Visual Concept Extraction. The visual semantic content extraction is performed by employing a Class Specific Feature (CSF) [7] and a Support Vector Machine (SVM) based classification approach for object extraction. The object categories are defined with the CSF model and 8 different MPEG-7 descriptors (color, shape and texture based) are used to classify objects using image segments. Prior to the feature extraction and object classification steps, the key-frames of video are partitioned spatially into segments, by employing JSEG segmentation algorithm [8]. After extracting low-level features of these segments, the SVM classifier is utilized to classify these segments into potential objects. The classified objects are then passed to the storage & retrieval subsystem as the visual concepts, as well as the multimodal fusion module.

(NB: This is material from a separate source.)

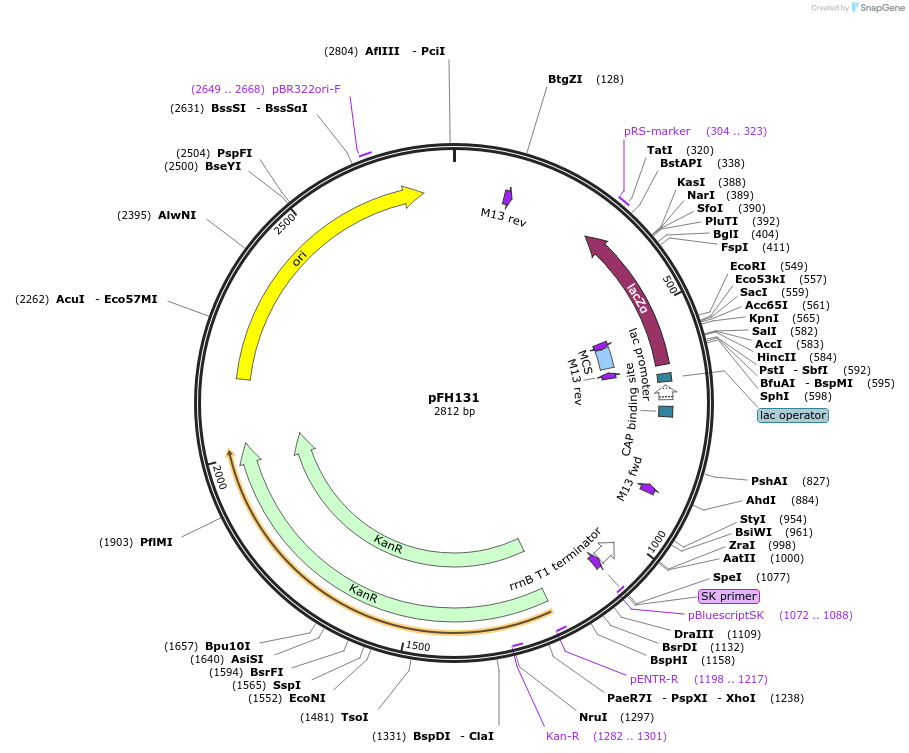 136550-plasmid-map-sequence-id-271528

Audio Concept Extraction. The main task of this module is to extract meaningful audio content from the video data. The module first divides a given audio clip into 1 s consecutive segments and extract low-level audio features from each of these segments. Then, an acoustic classification procedure is carried out to label each of the segments into predefined classes. Then we apply two smoothing rules to reduce possible prediction errors. We use an SVM classifier and a joint audio feature set due to their success as described in [9]. Finally, the classified segments are aligned with the corresponding video shots.

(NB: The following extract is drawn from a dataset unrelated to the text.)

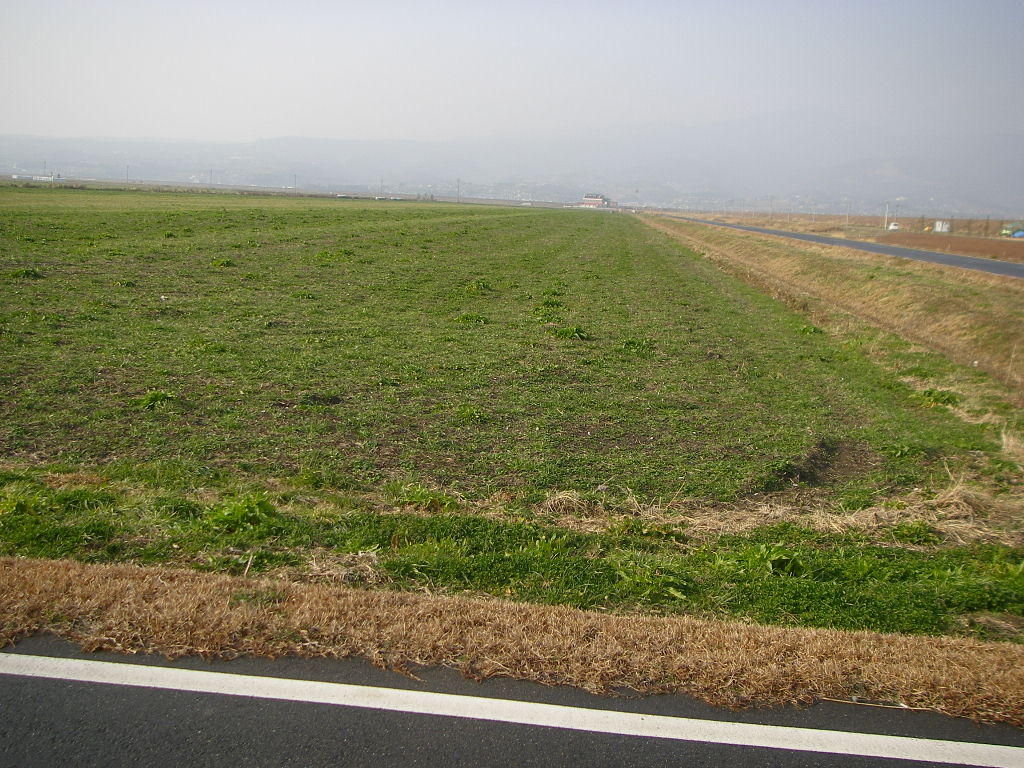e0181260_19374367.jpg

Textual Concept Extraction. With an intention to combine the advantages of the text modality, i.e., video subtitles, we execute a rule-based named entity recognizer presented in [10] on the video texts. The recognizer extracts named entities of the three basic types, namely, person, location, organization names. Assuming that the keywords meaningful for querying are the named entities occurring the video text, we accept the named entities as textual concepts.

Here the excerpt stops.